Rupert Murdoch's News Corporation yesterday said the merger of Time Warner and internet business America Online had failed to persuade him to link with a similar new media company.
Shares in News Corp have increased in value by 50% since the Time Warner-AOL deal in anticipation of a tie-up but Mr Murdoch said the company had put well in place its own strategy for capitalising on the internet. "We have built and are building a global digital platform to deliver multiple services to customers around the world," he said. "In parallel, we are building multimedia, multi-revenue businesses around our core content and business categories, including news, sports, classifieds, health and entertainment."
The worldwide success of News Corp's special-effects-laden Titanic during 1998 cast the group's second-quarter results in a poor light by comparison. The company's filmed entertainment division reported income of $31m (£19m) against $162m in the same quarter of 1998.

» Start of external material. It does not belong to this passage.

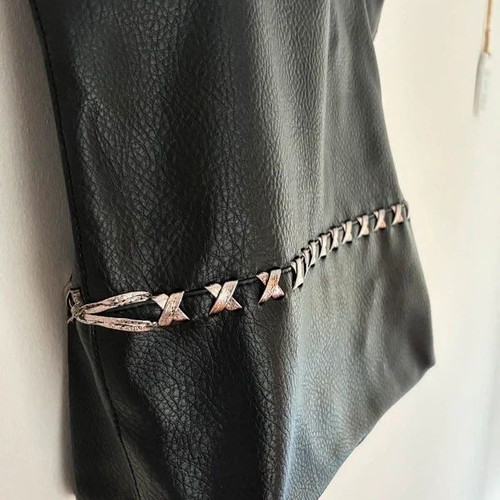 Black shoulder bag tote style like new with inner pockets and silver handle detail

Anna and the King, the retelling of the story of a Victorian Englishwoman teaching the King of Siam's children, had proved to be this year's biggest disappointment at the box office. Group earnings were $510m, down from $556m, on revenues of $3.9bn for the quarter.
Mr Murdoch highlighted double-digit growth in most of the group's businesses, including television, newspapers and book publishing. Its most successful shows made by 20th Century Fox Television include the X Files and The Simpsons.
But he described the success of BSkyB, the UK pay-TV business in which News Corp has a 40% stake, as "bittersweet". The launch of Sky Digital has driven strong growth in subscriber numbers which have reached 4m in Britain but acquisition costs, including the free set-top box offer, pushed BSkyB into the red in the first half of the year.